The traditional methods used in the production of engineering machinery tire treads, such as layer-laying and set-up techniques, often result in poor compaction and limited product diversity. Especially for large-sized tires, these methods require significant manual effort. In contrast, many foreign manufacturers use tread winding machines to wrap the treads efficiently. One well-known example is the ALPHA-R machine from Malangoni in Italy. However, domestic bias tire winding machines still face challenges, such as an inability to wrap around the sidewall, resulting in shape and quality gaps, as well as lower production efficiency.
This paper introduces the tread winding process and quality control of the BTXC-3 engineering machinery tire produced by Chemical Baichuan Automatic Control Co., Ltd. The tread winding process typically involves five main steps: extrusion, conveying, pressing, cooling, and winding. The process and control systems of domestic machines are quite similar, but they still lack the precision and flexibility found in advanced foreign models.
Winding quality is a critical factor in ensuring the final product meets specifications. If the tread mass is too low, the green tire may not fill the mold properly, leading to porosity or even hollow areas after vulcanization. On the other hand, if the mass is too high, it leads to unnecessary waste of time and materials. The BTXC-3 machine can maintain a tread mass error within 2% to 5%, controlled primarily through the upper machine and PLC system.
To adjust parameters, users open the Twister software on the BTXC-3 machine and navigate to "Process Parameter Management." A recipe selection window appears, allowing users to choose or create a new recipe. For security, a password prompt is required before any changes can be made. Once authenticated, the user can access the parameter setting interface.
In this interface, the winding shape can be customized. The shape is defined by the number of winding segments, height, and layers. The outer layer must encompass the inner layer’s limits, and the zero line of thickness corresponds to the carcass's outer diameter. The curve of the outermost layer and the green tire's diameter determine the total volume. When the rubber formulation is stable, the theoretical weight can be calculated based on density.
Users can adjust the curve by clicking on the blue area in the dialog box, entering thickness values, distances, and correction factors. They can add, modify, or delete nodes. Since the curve is symmetrical, only one side needs to be set. For multi-layer winding, the program automatically generates similar curves for subsequent layers.
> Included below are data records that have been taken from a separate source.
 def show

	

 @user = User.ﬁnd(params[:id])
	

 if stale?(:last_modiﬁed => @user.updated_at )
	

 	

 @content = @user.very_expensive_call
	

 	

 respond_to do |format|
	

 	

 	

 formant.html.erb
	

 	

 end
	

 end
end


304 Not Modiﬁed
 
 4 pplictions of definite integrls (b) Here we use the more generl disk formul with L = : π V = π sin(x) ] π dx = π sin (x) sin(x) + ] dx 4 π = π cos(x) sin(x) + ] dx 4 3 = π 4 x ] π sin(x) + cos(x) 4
If adjustments are needed, users can manually fine-tune specific points. Compared to the ALPHA-R model, the BTXC-3 offers a more intuitive and user-friendly interface.
Once the shape is set, thickness compensation parameters can be adjusted for fine-tuning. These parameters directly affect the actual thickness, making it easier to correct deviations caused by environmental changes or mechanical wear over time. There is no need to reconfigure the entire process curve.
The PC software also estimates the compound quality based on the winding curve, blank size, and material density. This allows for accurate quality predictions, especially when formulations change.
Accurate measurement of the winding thickness is essential for maintaining quality and shape. The BTXC-3 uses a cylinder, slide ball bearing, and measuring mechanism to calculate thickness. As the tire expands during winding, the slider retreats, and the analog signal is sent to the computer via a high-speed counter. Real-time comparison between the required and measured thickness ensures that the machine adjusts speed accordingly, ensuring consistent quality.
Several key factors influence the accuracy of the winding process:
1. **Measuring Head Cylinder Pressure**: The pressure should not exceed 4.5 MPa to avoid over-compression and ensure accurate feedback.
2. **Measuring Head Offset**: Proper offset ensures timely measurement without interference from previously wound strips.
3. **Rubber Strips**: The edges of the strips must align correctly, and guide rolls should have a suitable taper to ensure even wrapping.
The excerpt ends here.